▸ **What the exercise asks**
Each record below gets repeated exactly, and pictures stay out of the copy.

======== Records provided

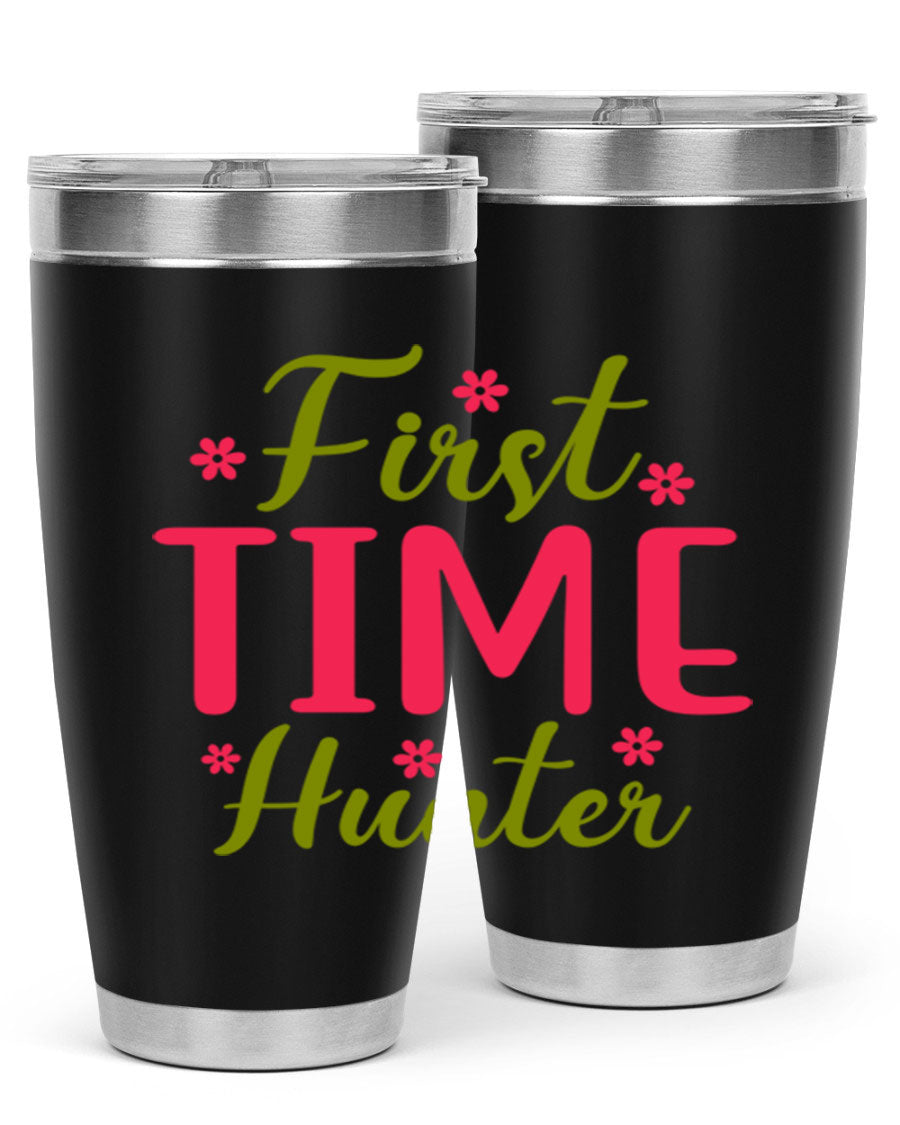 First Time Hunter 20oz Tumbler in stainless steel with a drink-thru lid, showcasing its sleek design and insulation features.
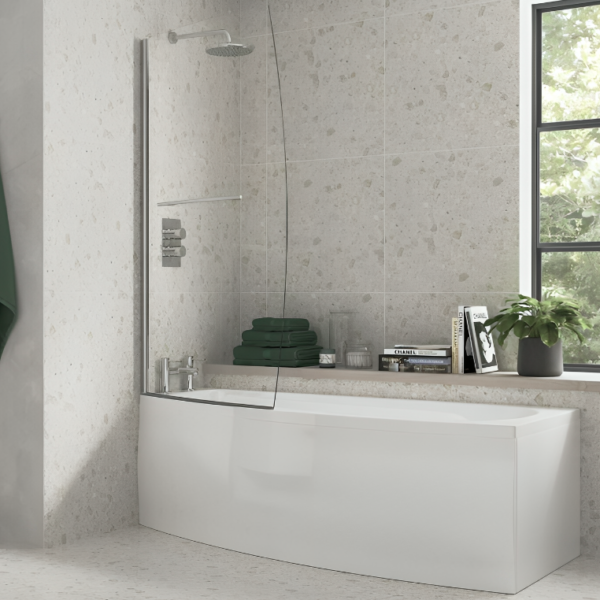 AquaVolere Sonny 1700mm x 740mm Space Saving Shower Bath-LH-RH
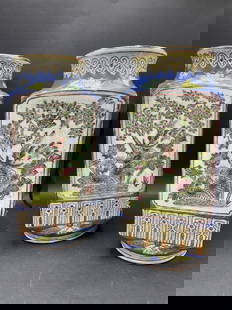 A Pair Large Chinese Porcelain Enameled Vases-Signed: A Pair Chinese Porcelain Enameled Vases. Early 20th century.Signed at base.Dimensions: 14 1/4&rdquo; x 6&rdquo;
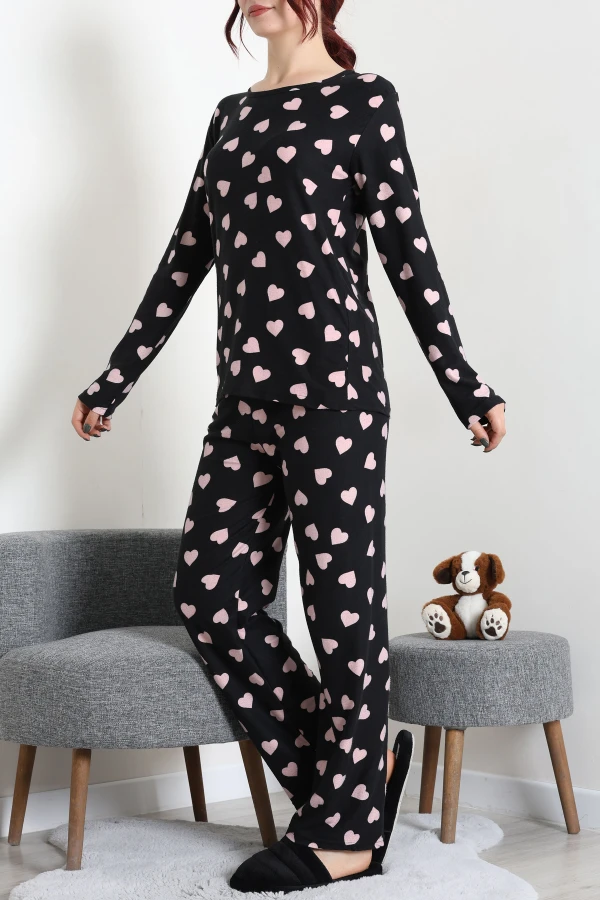 Süet Alt Üst Aynı Pijama Takımı Siyahkalpli 2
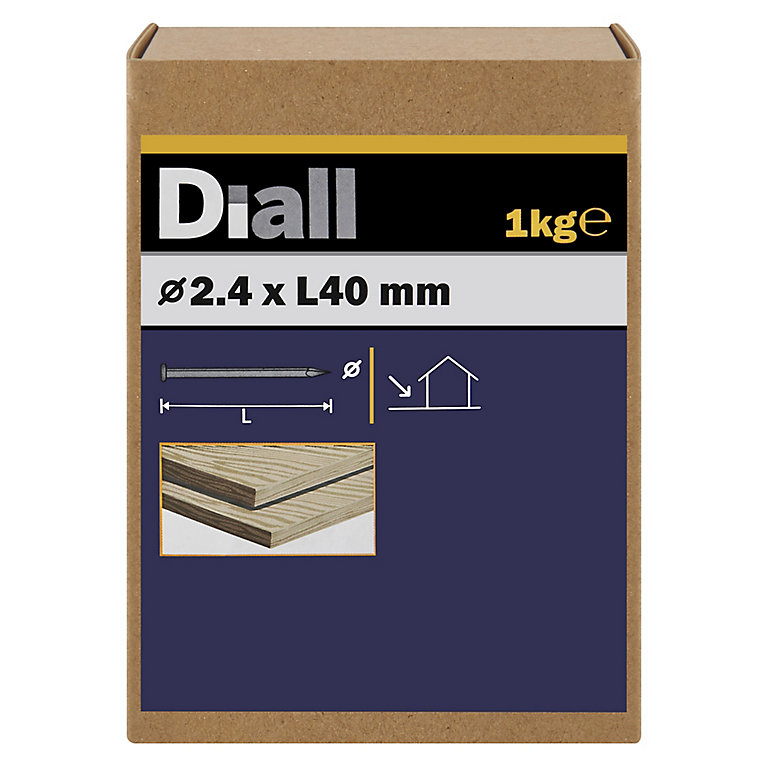 Image of Diall Galvanised Round wire nail (L)40mm (Dia)2.4mm 1kg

================

▸ **Answer for this exercise**
 First Time Hunter 20oz Tumbler in stainless steel with a drink-thru lid, showcasing its sleek design and insulation features.
 AquaVolere Sonny 1700mm x 740mm Space Saving Shower Bath-LH-RH
 A Pair Large Chinese Porcelain Enameled Vases-Signed: A Pair Chinese Porcelain Enameled Vases. Early 20th century.Signed at base.Dimensions: 14 1/4&rdquo; x 6&rdquo;
 Süet Alt Üst Aynı Pijama Takımı Siyahkalpli 2
 Image of Diall Galvanised Round wire nail (L)40mm (Dia)2.4mm 1kg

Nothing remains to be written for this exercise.